A continuación oyeron un grito más claro.

—¡Socorro!

Erik se puso en pie pero Carla ya se le había adelantado. La siguió. La habitación de Ada se encontraba en el sótano. Bajaron corriendo las escaleras y entraron en el pequeño dormitorio.

Había una única cama junto a la pared. Ada estaba tumbada con el rostro crispado por el dolor. Tenía la falda empapada y había un charco en el suelo. Erik no podía creer lo que estaba viendo. ¿Se había meado encima? Aquello daba miedo. No había ningún adulto en la casa. No sabía qué hacer.

Carla también estaba asustada, Erik lo vio en su cara, pero no había caído presa del pánico.

—Ada, ¿qué te pasa? —preguntó la niña, con un extraño deje de tranquilidad.

—He roto aguas —dijo Ada.

Erik no entendía a qué se refería.

Carla tampoco.

—No te entiendo —dijo.

—Significa que va a nacer el bebé.

—¿Estás embarazada? —preguntó Carla, estupefacta.

—¡Pero si no estás casada! —exclamó Erik.

—Cierra el pico, Erik —le espetó Carla—. ¿Es que no entiendes nada?

Por supuesto que entendía que las mujeres podían tener hijos aunque no estuvieran casadas… ¡Pero no Ada!

—Por eso fuiste al médico la semana pasada —le dijo Carla a Ada, que asintió.

Erik aún intentaba hacerse a la idea.

—¿Crees que mamá y papá lo saben?

—Claro que sí. Lo que pasa es que no nos lo dijeron. Tráenos una toalla.

—¿De dónde?

—Del armario de la caldera que está en el rellano de arriba.

—¿Limpia?

—¡Claro que tiene que ser limpia!

Erik subió corriendo las escaleras, cogió una toalla pequeña blanca del armario y bajó corriendo de nuevo.

—No nos va a ser de gran ayuda —dijo Carla que, sin embargo, la cogió y le secó las piernas a Ada.

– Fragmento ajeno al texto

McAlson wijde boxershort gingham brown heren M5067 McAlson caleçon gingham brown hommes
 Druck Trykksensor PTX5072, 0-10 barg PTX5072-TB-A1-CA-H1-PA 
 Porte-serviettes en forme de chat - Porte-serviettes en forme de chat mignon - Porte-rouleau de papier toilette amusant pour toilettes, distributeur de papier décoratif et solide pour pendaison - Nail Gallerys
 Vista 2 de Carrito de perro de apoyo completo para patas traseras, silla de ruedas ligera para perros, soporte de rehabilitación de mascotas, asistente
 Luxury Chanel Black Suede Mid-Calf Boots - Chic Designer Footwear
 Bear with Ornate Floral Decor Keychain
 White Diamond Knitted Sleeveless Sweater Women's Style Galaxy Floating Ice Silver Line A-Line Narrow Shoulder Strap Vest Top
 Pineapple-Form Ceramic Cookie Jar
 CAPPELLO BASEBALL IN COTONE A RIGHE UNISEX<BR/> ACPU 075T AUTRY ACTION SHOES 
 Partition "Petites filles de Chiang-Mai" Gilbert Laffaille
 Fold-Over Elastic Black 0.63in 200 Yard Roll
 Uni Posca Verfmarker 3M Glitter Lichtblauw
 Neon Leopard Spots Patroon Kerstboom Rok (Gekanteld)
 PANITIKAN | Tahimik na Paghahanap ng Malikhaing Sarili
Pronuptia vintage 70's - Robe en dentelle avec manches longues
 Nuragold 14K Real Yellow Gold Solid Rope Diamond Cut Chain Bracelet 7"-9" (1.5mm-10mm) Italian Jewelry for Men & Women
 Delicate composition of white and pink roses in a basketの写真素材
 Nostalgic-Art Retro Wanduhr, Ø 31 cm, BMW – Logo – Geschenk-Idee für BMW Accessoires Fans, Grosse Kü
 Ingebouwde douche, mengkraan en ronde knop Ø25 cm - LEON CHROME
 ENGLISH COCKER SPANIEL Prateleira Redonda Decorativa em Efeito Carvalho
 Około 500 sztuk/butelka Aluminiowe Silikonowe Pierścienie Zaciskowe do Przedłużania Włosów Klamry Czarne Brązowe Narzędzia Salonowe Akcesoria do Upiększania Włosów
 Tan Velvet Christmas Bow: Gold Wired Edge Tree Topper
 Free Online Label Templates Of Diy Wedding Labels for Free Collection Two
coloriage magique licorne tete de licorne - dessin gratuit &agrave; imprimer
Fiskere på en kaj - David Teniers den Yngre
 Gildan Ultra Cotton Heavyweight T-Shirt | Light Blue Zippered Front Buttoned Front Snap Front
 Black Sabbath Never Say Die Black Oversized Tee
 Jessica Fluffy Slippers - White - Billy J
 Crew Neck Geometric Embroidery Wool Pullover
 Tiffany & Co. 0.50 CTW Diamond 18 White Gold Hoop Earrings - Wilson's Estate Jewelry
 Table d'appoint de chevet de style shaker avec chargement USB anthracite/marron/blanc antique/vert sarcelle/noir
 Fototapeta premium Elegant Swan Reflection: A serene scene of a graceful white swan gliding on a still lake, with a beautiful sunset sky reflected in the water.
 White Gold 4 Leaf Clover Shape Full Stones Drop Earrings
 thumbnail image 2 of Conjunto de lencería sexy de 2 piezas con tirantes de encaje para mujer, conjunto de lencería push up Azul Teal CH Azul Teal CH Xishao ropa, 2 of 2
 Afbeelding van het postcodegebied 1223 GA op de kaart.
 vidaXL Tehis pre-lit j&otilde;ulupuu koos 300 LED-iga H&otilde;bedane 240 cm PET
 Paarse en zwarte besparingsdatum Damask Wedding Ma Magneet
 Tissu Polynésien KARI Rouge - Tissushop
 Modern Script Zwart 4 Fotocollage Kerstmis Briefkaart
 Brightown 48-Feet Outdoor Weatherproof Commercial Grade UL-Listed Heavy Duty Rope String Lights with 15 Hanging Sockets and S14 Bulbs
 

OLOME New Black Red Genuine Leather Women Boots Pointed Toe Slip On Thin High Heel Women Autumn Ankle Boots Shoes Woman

—El bebé no tardará en llegar, lo noto. Pero no sé qué hacer. —La mujer rompió a llorar.

Erik miró a Carla, que era quien estaba al mando de la situación ahora. Daba igual que él fuera el mayor: esperó a que su hermana le diera alguna orden. Ella mantenía la calma y había adoptado una actitud práctica, pero él sabía que también estaba aterrada y que su serenidad podía desmoronarse en cualquier momento.

Carla se volvió hacia Erik.

—Ve a buscar al doctor Rothmann —le ordenó—. Ya sabes dónde tiene la consulta.

Erik se sintió muy aliviado de que le encargara una tarea que podía cumplir sin ningún problema. Entonces pensó en un posible contratiempo.

—¿Y si ha salido?

—Pues le preguntas a frau Rothmann lo que debes hacer, ¡idiota! —le espetó Carla—. ¡Venga, vete!